To harvest black cod, fishermen sink a 2-mile-long line with baited hooks every three to six feet. Each end is anchored to the seafloor along the continental slope and buoyed at the surface. After an 8- to 12-hour "soak," fishermen haul the line, sometimes harvesting hundreds of sablefish in a single set.

STUDYING WAYS TO STOP THE THEFT

Sperm whales were first observed taking black cod in 1978 in the Gulf. But beginning in 1994, when fishermen received seasonal quotas and the fishery increased to eight months, the losses dramatically shot up. The whales, it was thought, had more time to learn and feed, and they took advantage of the slower-paced fishery.

"Sometimes as many as six whales would be around the boat," Behnken said. "When the whales dove, your catch rate would dive with it.
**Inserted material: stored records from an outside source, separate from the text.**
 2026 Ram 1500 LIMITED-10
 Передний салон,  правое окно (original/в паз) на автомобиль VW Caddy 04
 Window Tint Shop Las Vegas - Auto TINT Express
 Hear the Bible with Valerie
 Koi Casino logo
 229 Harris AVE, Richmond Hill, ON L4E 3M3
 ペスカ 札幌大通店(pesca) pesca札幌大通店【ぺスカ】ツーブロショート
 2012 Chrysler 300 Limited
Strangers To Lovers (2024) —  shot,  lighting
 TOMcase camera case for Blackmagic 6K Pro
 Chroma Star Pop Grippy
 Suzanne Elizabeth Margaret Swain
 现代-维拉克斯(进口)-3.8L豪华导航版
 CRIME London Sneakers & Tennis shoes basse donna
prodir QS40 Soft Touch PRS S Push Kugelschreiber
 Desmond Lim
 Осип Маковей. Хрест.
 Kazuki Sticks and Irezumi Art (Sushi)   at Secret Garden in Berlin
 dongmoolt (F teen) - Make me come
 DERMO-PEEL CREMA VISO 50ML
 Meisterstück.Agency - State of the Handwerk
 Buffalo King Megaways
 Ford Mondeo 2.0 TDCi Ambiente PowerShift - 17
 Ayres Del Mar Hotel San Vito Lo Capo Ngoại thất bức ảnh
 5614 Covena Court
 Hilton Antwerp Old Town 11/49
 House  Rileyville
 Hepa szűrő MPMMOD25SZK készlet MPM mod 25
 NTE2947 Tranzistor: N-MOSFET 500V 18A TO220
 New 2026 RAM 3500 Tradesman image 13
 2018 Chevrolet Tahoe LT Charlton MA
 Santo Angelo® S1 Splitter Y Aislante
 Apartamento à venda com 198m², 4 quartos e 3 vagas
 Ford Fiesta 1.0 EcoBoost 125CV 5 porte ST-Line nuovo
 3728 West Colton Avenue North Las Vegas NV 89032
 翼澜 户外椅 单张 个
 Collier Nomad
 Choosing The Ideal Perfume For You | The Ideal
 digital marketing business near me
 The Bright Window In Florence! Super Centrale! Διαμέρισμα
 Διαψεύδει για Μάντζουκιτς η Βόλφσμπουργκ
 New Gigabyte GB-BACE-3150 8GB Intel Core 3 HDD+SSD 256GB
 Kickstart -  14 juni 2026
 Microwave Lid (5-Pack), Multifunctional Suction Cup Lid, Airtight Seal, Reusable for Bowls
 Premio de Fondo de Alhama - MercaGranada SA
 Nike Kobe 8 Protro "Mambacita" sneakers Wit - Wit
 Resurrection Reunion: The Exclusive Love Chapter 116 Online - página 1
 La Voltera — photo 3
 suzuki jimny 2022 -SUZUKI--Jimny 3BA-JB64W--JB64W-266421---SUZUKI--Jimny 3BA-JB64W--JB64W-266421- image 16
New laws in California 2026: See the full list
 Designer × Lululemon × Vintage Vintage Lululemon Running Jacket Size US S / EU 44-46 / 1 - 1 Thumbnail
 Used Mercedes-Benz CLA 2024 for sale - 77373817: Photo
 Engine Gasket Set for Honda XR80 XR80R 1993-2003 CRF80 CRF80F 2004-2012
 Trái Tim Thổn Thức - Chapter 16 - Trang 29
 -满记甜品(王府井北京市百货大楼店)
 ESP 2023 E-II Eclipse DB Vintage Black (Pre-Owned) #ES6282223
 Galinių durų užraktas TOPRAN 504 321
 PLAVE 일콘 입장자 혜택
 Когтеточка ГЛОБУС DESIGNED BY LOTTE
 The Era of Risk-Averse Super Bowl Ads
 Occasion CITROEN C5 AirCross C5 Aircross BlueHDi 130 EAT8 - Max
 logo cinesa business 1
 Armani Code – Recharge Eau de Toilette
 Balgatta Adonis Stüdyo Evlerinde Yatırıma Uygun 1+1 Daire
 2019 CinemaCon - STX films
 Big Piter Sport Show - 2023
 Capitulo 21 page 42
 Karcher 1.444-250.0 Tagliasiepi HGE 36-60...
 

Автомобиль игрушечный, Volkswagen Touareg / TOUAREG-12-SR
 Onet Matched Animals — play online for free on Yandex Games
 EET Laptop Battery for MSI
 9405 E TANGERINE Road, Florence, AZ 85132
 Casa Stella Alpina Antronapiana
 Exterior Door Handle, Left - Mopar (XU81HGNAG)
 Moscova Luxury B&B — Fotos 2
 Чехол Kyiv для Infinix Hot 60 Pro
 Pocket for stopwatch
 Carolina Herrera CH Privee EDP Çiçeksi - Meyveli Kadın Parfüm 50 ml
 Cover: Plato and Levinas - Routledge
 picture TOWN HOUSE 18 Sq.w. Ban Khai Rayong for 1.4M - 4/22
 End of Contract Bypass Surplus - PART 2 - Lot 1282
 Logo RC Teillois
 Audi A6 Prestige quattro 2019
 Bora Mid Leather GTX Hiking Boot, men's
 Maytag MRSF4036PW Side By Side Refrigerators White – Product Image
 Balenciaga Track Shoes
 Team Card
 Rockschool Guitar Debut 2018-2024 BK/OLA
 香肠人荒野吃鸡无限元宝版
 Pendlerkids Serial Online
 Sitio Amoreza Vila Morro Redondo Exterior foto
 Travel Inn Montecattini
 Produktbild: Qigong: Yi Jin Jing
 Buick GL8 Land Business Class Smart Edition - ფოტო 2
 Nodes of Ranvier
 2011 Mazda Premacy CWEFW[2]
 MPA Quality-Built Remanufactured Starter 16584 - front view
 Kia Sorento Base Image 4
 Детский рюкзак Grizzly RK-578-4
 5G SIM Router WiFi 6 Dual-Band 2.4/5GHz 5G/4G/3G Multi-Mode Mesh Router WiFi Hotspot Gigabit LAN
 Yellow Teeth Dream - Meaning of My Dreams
It was pretty clear they were taking fish off the lines, and they're pretty good at it."

The fisheries group began talking to Straley and government managers about investigating the whales. With about $200,000 in funding from the research board, Straley helped launch the Southeast Alaska Sperm Whale Avoidance Project in 2003. Other investigators are Behnken, fishery manager Victoria O'Connell with the Alaska Department of Fish and Game and federal geneticist Sarah Mesnick with the Southwest Fisheries Science Center in La Jolla, California.

"The fishermen came to us and the managers and said, 'We have a real problem, and we want to be ahead of the curve,' " Straley said.

Some ideas might be to put a device on the line that might create noise or "clutter" that would keep the whales from finding the fish, or hauling lines at different times of day, Behnken said. But humans first need to learn more about the whales.

With volunteer fishermen keeping logs and taking photographs, Straley identified 17 different sperm whales interacting or visiting the longline fleet -- and four animals were seen more than once near boats. The whales were vocal, clicking intensely. Ten genetic samples taken from six individual whales found them all to be males. Previous sperm whale research suggests that females and calves might remain in warmer waters while male whales roam, but no one really knows.

Straley, who has spent years studying humpback and killer whales in Southeast's protected waters, said she first had to figure out a way to identify sperm whales and approach them on the open sea.

"Some of them were really, really huge, and others were just huge," said Steve Weissburg, captain of the boat that took Straley out to observe whales and take samples. "I think the easiest thing to say was they just flat out ignored us."

Straley was "totally awestruck" by the big whales.

"The behaviour I saw was amazing," she said. "If I had one wish, it would have been to have the ocean clear to see what they were doing."